Absent certain policy reforms, the opportunities presented by China and India’s interest in Africa may not be fully realized, while the existing imbalances could continue for the foreseeable future. All other things equal, taken together, these could reduce the likelihood of a boost in Africa’s prospects for economic growth and prosperity.

The reform experience in Africa, as well as in other regions of the world, shows that reform success in such an environment requires a combination of actions. In particular, the lessons from these experiences are that it is not only important to implement sound, market-based, at-the-border trade and investment policies, but also to take actions that deal with the impediments to trade and investment that exist behind the border as well as between the borders. Indeed, these experiences suggest that, if anything, behind-the-border and between-the-border reforms actually provide for trade to have greater leverage on growth than do at-the-border formal trade and investment policies. Moreover, the evidence suggests that these reforms should be designed in such a way as to exploit the growth-enhancing complementarities between trade and investment.

The study of which this Overview is a part discusses such policy implications based on the empirical findings presented. Below, the principal policy implications that deserve priority attention are summarized. A “division of labor” for the responsibilities of the various stakeholders with policymaking roles in furthering Africa-Asian trade and investment is also suggested.

It is important to emphasize that, because of the significant heterogeneity among the 47 countries of Sub-Saharan Africa, the enunciated policy reforms should not be interpreted as being “one-size-fits-all” actions.

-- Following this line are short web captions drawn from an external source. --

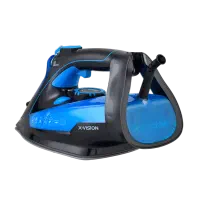 اتو بخار ایکس ویژن|اتو و لوازم اتو|گرگان, |دیوار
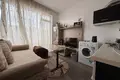 Квартира 1 спальня 40 м² Добричская область, Болгария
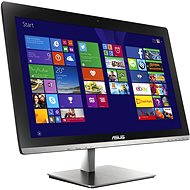 ASUS AiO ET2323IUK-BC003M black - All In One PC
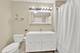 545 N Dearborn Unit 2202, Chicago, IL 60654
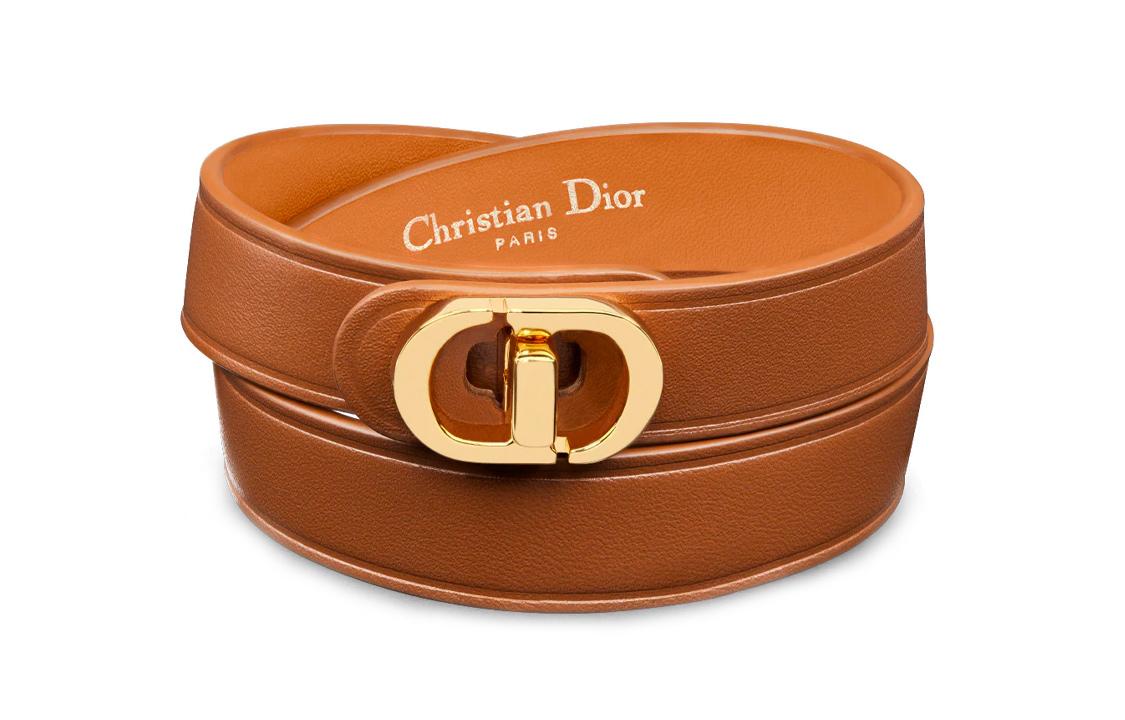 Dior Браслет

Indeed, in practice, the reforms must be designed to take into account country-specific circumstances. These circumstances will affect not only the actual contours of actions to be taken, but also the speed and sequencing of their implementation. […]



Chapter 2: Performance and Patterns of African-Asian trade and Investment Flows (pp. 59-128)

Africa’s trade with China and India has grown rapidly in both directions. This is based on high demand for natural resources by China and India and their industrial advantage in manufactured products against African countries. This reflects complementarities between African countries and China and India based on factor endowment of natural resources in Africa versus skilled labor in China and India.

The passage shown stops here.